Systematic Evaluation of Large Vision-Language Models for Surgical Artificial Intelligence
Anita Rau, Mark Endo, Josiah Aklilu, Jaewoo Heo, Khaled Saab, Alberto Paderno, Jeffrey Jopling, F. Christopher Holsinger, Serena Yeung-Levy
TL;DR
This paper systematically evaluates 11 large vision-language models across 17 surgical visual tasks using 13 datasets to assess generalization, temporal/spatial reasoning, and adaptability. It demonstrates that while zero-shot capabilities exist, substantial gaps persist in precise localization and dynamic reasoning, with in-context learning providing notable performance boosts (up to three-fold) and reducing the gap to task-specific SOTA in some settings. Domain-specific models like SurgVLP and medical-tuned variants outperform generalist models on domain-relevant tasks, though open, contrastive models often underperform on fine-grained surgical cues.
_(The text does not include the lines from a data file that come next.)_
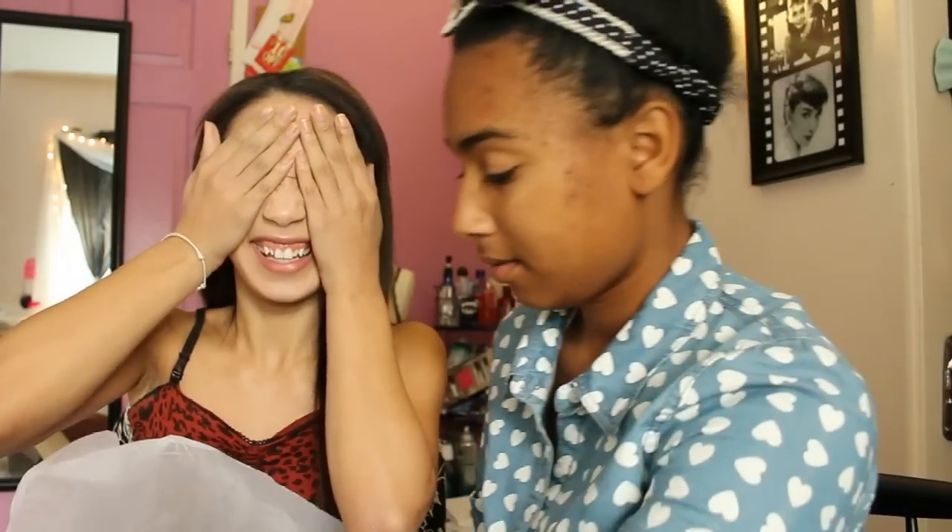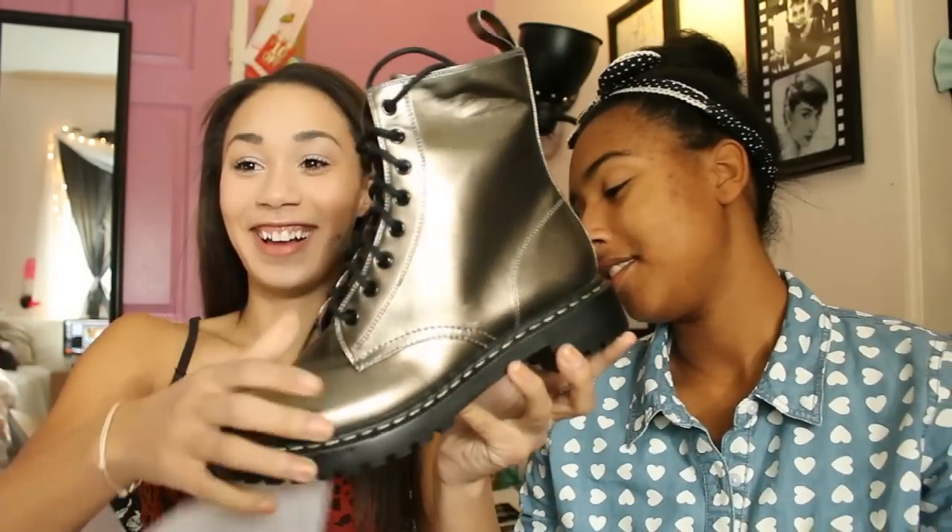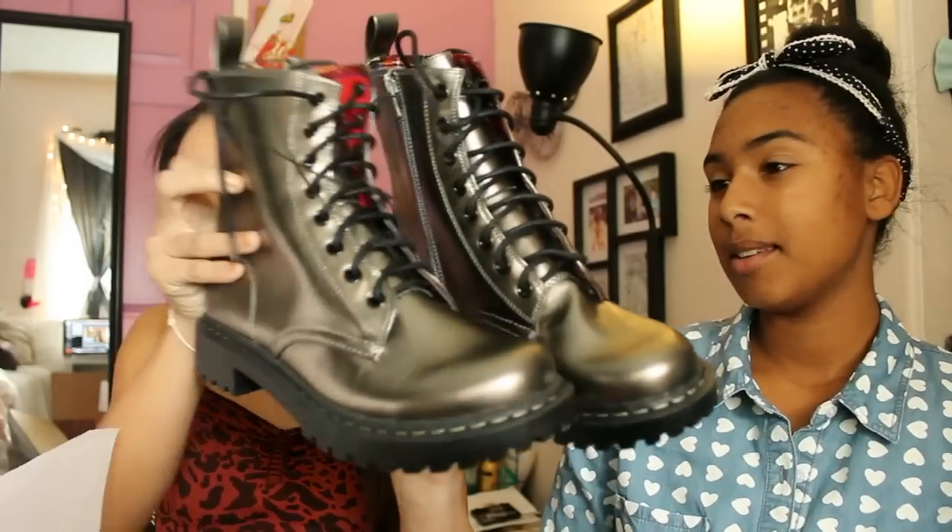And this is the thing that's, like, beyond cray-cray. Holy crap. You can already see them. Are they cute, Maya? Holy crap.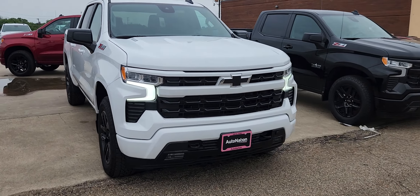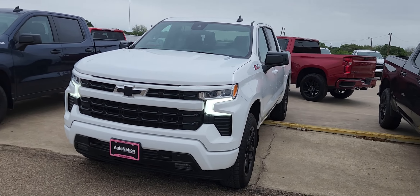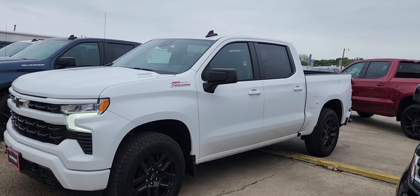Hello, this is Roland from AutoNation Chevrolet. Here's a quick video of the 2023 Chevy Silverado with the diesel engine. This is a half ton. I'm going to do a little quick walk around. Enjoy the video.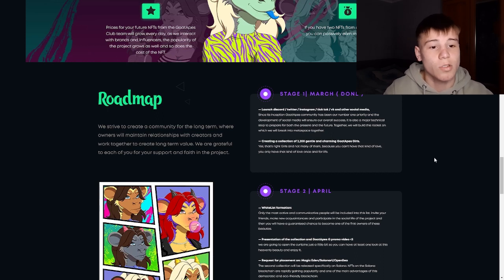On the first stage, they have the launch of Discord, Twitter, Instagram, TikTok, and other social media. I'll also put links to all their social media in the description. Since the inception of Goat Apes, community has been their number one priority, and the development of social media will ensure their overall success. It is also a major technical step to prepare for both the present and the future.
The study highlights near-term opportunities for VLMs in workflow optimization and operative-note generation, while underscoring the need for richer surgical data and improved reasoning to enable robust clinical deployment.
Abstract
Large Vision-Language Models offer a new paradigm for AI-driven image understanding, enabling models to perform tasks without task-specific training. This flexibility holds particular promise across medicine, where expert-annotated data is scarce. Yet, VLMs' practical utility in intervention-focused domains--especially surgery, where decision-making is subjective and clinical scenarios are variable--remains uncertain. Here, we present a comprehensive analysis of 11 state-of-the-art VLMs across 17 key visual understanding tasks in surgical AI--from anatomy recognition to skill assessment--using 13 datasets spanning laparoscopic, robotic, and open procedures. In our experiments, VLMs demonstrate promising generalizability, at times outperforming supervised models when deployed outside their training setting. In-context learning, incorporating examples during testing, boosted performance up to three-fold, suggesting adaptability as a key strength. Still, tasks requiring spatial or temporal reasoning remained difficult. Beyond surgery, our findings offer insights into VLMs' potential for tackling complex and dynamic scenarios in clinical and broader real-world applications.